Veteran radical journalist Chris Hedges successfully argued for the proposition that “Edward Snowden is a hero” at the Oxford Union on February 21. Of course, he is absolutely right to praise Snowden’s moral courage. But he painted a picture of a “solitary individual” standing up for his principles against a potentially all-powerful corporate state, neglecting the intention of Snowden’s revelations, which was to alert the public to the extent of NSA surveillance and engage them in discussing placing limits on it.

Prior to the debate, Hedges published an essay in Truthdig in which he writes that Snowden’s personal risk was heroic because we live in a “dual state” (using the terminology of the German political scientist Ernst Fraenkel) where “civil liberties are abolished in the name of national security. … The outward forms of democratic participation—voting, competing political parties, judicial oversight and legislation—are hollow, political stagecraft. … Those who challenge the abuses of power by the prerogative state, those who, like Snowden, expose the crimes carried out by government, are made into criminals.”

There is no denying the authoritarian nature of NSA surveillance, the vicious prosecution of whistleblowers, the outsized political influence bought by right-wing billiionaires, and killing of civilians by drone strikes. But despite the vast enterprise set up in the name of Homeland Security to suppress dissent, other whistleblowers and leakers continue to reveal what the security state is doing. Why would they do this? Only because they are not acting as isolated heroes; their bravery channels the commitment of Americans to their constitutional rights, their strong attachment to the ideal of democracy. Their moral imperatives are social, not individual.

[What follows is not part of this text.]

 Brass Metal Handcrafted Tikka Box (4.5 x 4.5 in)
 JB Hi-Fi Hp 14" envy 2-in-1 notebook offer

A new report published in the German Bild am Sonntag reveals that, based on information provided by a “high-ranking NSA employee in Germany,” and not on any of the documents released by Snowden, the NSA responded to an order to refrain from spying directly on president Angela Merkel’s phone by intensifying its monitoring of other high-level officials in her government. As Glenn Greenwald points out, this means there is already at least one more NSA source prepared to risk his or her career to disclose the agency’s secrets.

It seems to me that by focusing on the authoritarian elements in the US, Hedges has prematurely written off society’s strengths. The political theorist he cites, Ernst Fraenkel, based his analysis on his direct experience of the Weimar Republic and the rise of Nazi authoritarian rule within the German state. Comparisons of the present situation of the U.S. with Weimar, which have been made recently by commentators ranging from Glenn Beck to Noam Chomsky, overlook major differences in the two societies: principally that Germany did not have a strong democratic tradition established through a revolution against European powers.

Authoritarian trends within US society certainly exist; but there is a continuing struggle between state coercion and democratic forms of popular participation. Hedges implies that the US surveillance state is part of a self-enclosed apparatus in a polar opposition to society. But to sustain their moral authority, ideals of legitimacy also penetrate state institutions. Edward Snowden, for example, was part of the US surveillance state just as much as the heads of the CIA or FBI, but became a whistleblower because of the contradiction between his experience of the actuality of surveillance and its justification with the misuse of democratic ideals. He began to question his own role when, as Hedges himself narrates, “he had watched as senior officials including Barack Obama lied to the public about internal surveillance.”

State entities need to preserve their moral justification even when political groups within them are misusing their authority to extend their own power – if we truly lived in a dual state, for example, the Christie scandal and the Walker prosecutions would not even be publicly known.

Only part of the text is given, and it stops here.